🤖 AI Summary
Existing approaches struggle to dissect how self-evolving large language models attribute and integrate heterogeneous feedback signals into planning decisions during CUDA kernel generation, and conventional ablation studies fail to disentangle feedback effects from trajectory drift. To address this, this work proposes CUDAnalyst, an analytical framework that enables, for the first time, controlled, generation-level feedback attribution. By freezing execution trajectories and selectively injecting feedback, CUDAnalyst reveals structured relationships between feedback and high-level planning. The framework supports multi-feedback interaction modeling and cross-model plan transfer, demonstrating that high-level plans from stronger models can be partially transferred to weaker ones, thereby validating the universality of the feedback–planning mechanism. Experiments show that explicit planning is effective only when feedback is aligned, a finding robust across diverse models, workloads, and inductive settings.
📝 Abstract
Large language models (LLMs) have shown strong empirical gains as self-evolving agents for CUDA kernel generation, driven by feedback-conditioned planning across generations. However, how planning decisions attribute and combine heterogeneous feedback signals remains opaque. Standard end-to-end ablations fail to resolve this question, as iterative planning amplifies early perturbations and conflates feedback effects with trajectory-dependent drift.
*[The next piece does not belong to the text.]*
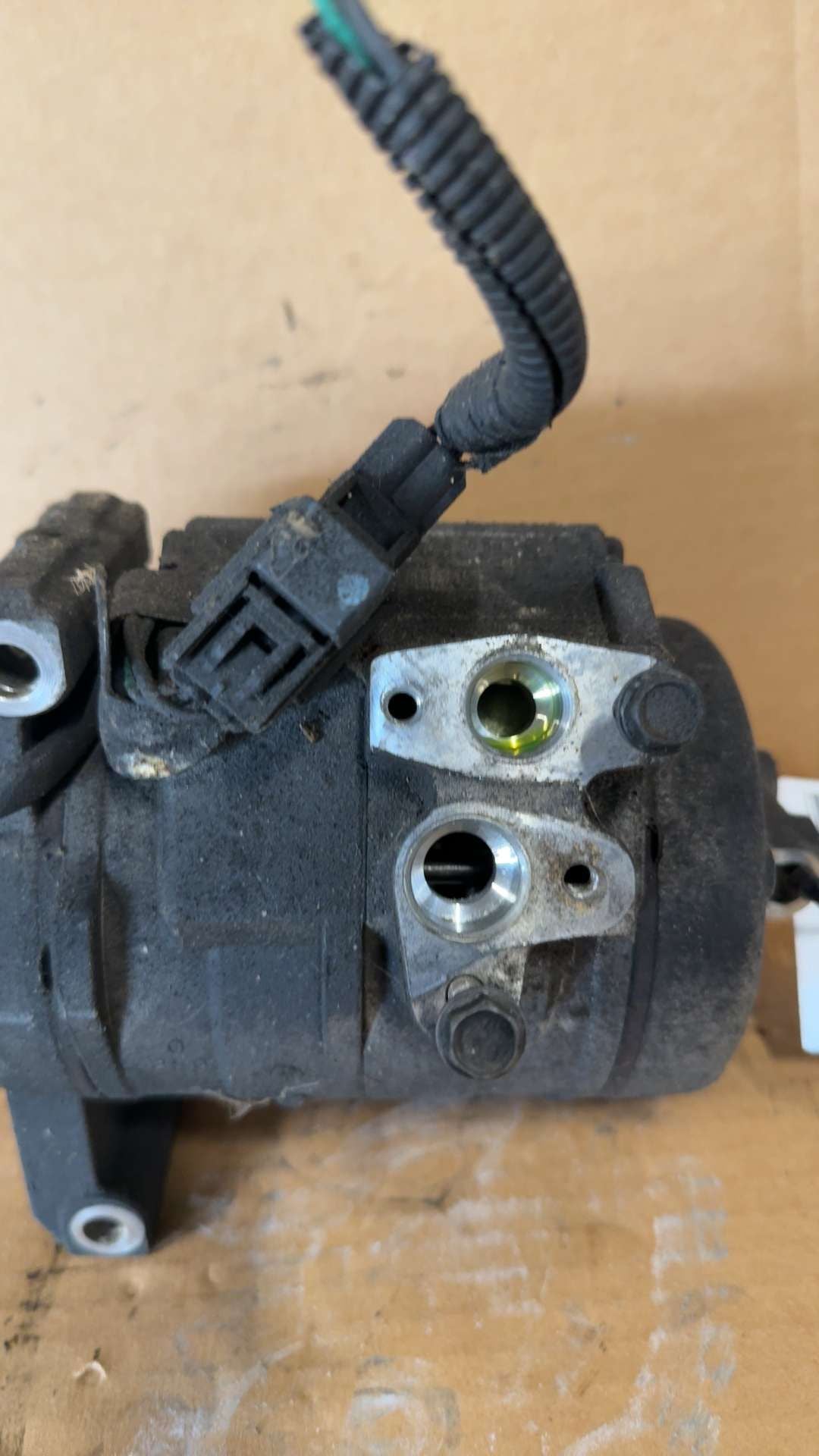 AC Compressor from a 2007 Cadillac, photo 2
We introduce \texttt{CUDAnalyst}, a unified analysis layer for controlled, generation-level attribution of planning decisions to feedback components via trajectory freezing and selective feedback injection. \texttt{CUDAnalyst} enables stable generation-level evaluation and principled coalitional-style attribution of feedback effects and interactions. Our results show that explicit planning is beneficial only when feedback is aligned, that effective planning emerges from structured multi-feedback interactions, and that high-level plans from stronger reasoning models can partially transfer to weaker ones. These trends hold across reference backbones, representative workloads, and reference induction regimes, indicating that the identified feedback-to-plan structure is robust within the controlled axes studied.